Author Image

CTO & Co-founder of Visivo

A Practical Git Workflow for Data Teams (Branches, PRs, and Reviews)

Software teams settled the version-control debate years ago. Here is a concrete branch-and-PR workflow for analysts who want the same safety net for dashboards.

A branch and pull request workflow for data teams

A practical Git workflow for data teams is the same one software teams adopted years ago: create a branch for each change, open a pull request, get a review, and merge once checks pass. Map those four steps onto analytics and you get a real safety net for dashboards and metrics, with every change tracked, reviewed, and reversible. This guide is written for analysts who are new to Git and want the minimal version that actually sticks.

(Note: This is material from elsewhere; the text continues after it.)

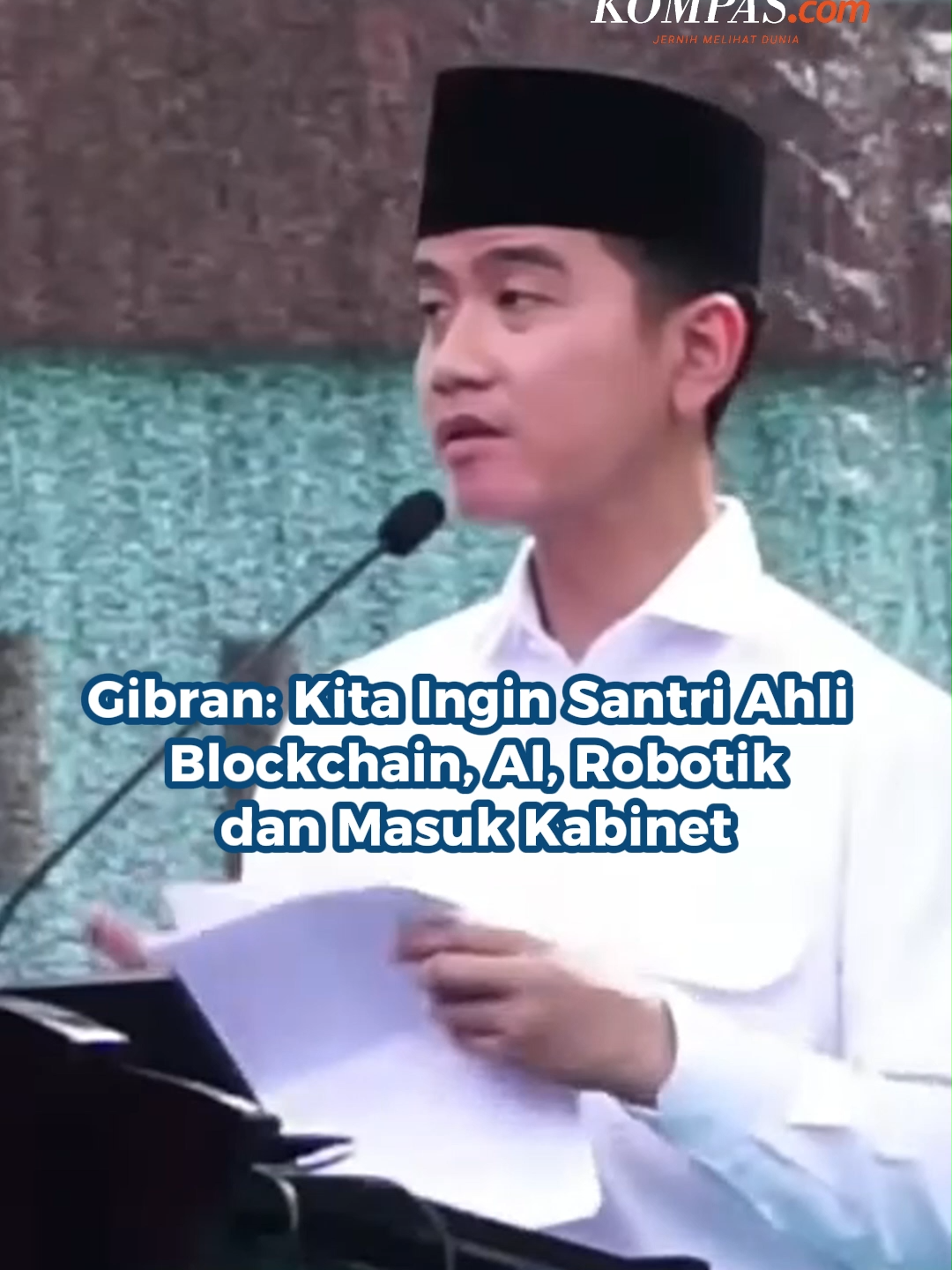 Wakil Presiden Gibran Rakabuming mengingatkan agar generasi muda GP Ansor tidak hanya memiliki akhlak yang baik dan pemahaman agama yang kuat, tapi juga melek teknologi. Ia pun menegaskan bahwa pemerintah berkomitmen membuka ruang kolaborasi yang luas bagi organisasi kepemudaan dan keagamaan seperti GP Ansor untuk mempercepat pencapaian target pembangunan nasional Sementara itu, Ketua Umum Pimpinan Pusat GP Ansor Addin Jauharudin menekankan pentingnya kolaborasi lintas sektor agar kehadiran Ansor benar-benar dirasakan manfaatnya oleh masyarakat. GP Ansor juga akan terus menyiapkan kader muda yang tangguh, berdaya saing, dan adaptif terhadap perubahan zaman. Penulis: Dani Prabowo Kreatif: Jessica Meisya Kurnia Produser: Elizabeth Ayudya Ratna Rininta ~J #Gibran #GPAnsor #Santri ##Cut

The version-control debate is over in software engineering. Nobody edits production code by SSHing into a server and saving a file in place. Yet that is still how a lot of analytics work happens: someone opens a BI tool, edits a live calculation, hits save, and hopes for the best. The result is the genre of bug every data team knows by heart, the metric that quietly changed and nobody can say when or why. Git fixes this, and it does not require you to become a software engineer to benefit.

Why analysts resisted Git for so long

Git earned a reputation for being hostile. The command line is unforgiving, the mental model of commits and branches and remotes is not obvious, and the failure mode when you get it wrong is a wall of red text about detached HEADs and merge conflicts. For an analyst whose job is answering business questions, that learning curve felt like a tax with no obvious payoff.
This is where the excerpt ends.